Trees don’t talk back

In Moby’s new book, he also mentions briefly dating a pre-fame Lana Del Ray (Elizabeth Grant) back when he was a sprightly 41-year-old and she a, presumably precocious, 21-year-old. However, the only source on any of this happening is Moby himself, but I mean why wouldn’t we trust Moby?

I sat next to her on the piano bench and started kissing her. She kissed me back — but then stopped. “What’s wrong?” I asked. “I like you. But I hear you do this with a lot of people.” I wanted to lie, to tell her that I didn’t, that I was chaste, sane, and ethical. But I said nothing. “I’d like to see you again,” she said. “Me too.”

Me too indeed.

Famous men have been given almost infinite impunity to prey upon and abuse young women. Impunity by their peers, the media, and society in general. At the low end there’s the Moby’s of the world, adamantly proclaiming they dated nigh on children back in the 90s. But the scale stretches all the way up to teenage girls quite literally being locked up in R. Kelly’s attic.
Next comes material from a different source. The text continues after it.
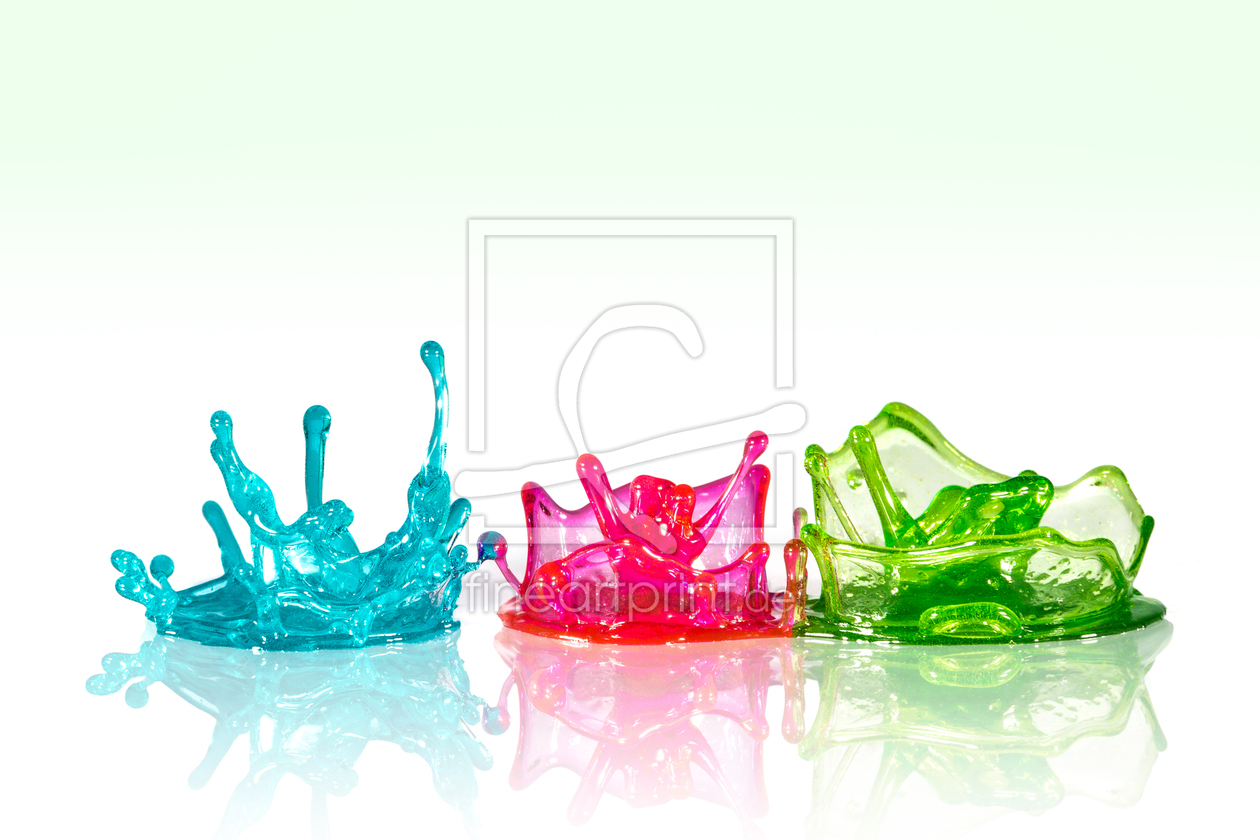 Bild-Nr.: 11962613 Colorful Friends erstellt von Leif Benjamin Gutmann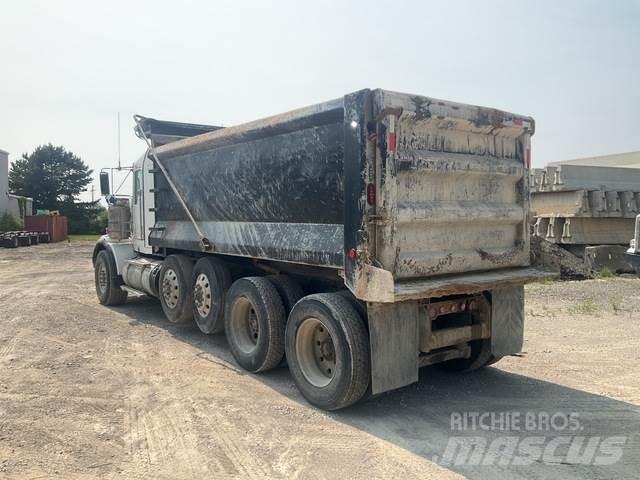 Kenworth T800 Sklápěče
The difference is in degree, not in kind. The same toxic mindset is present in all these cases, and the apologia produced whenever any victims stick their head above the parapet is eerily consistent.

As the famous Gandhi quote goes: first they ignore you, then they laugh at you, then they call you a liar, and then they settle out of court and remain free men.

The problem is systemic. It’s rooted in power and the abuse thereof, by men who don’t think what they’re doing is wrong. But it is wrong, and the sooner everyone stops pandering to them the better.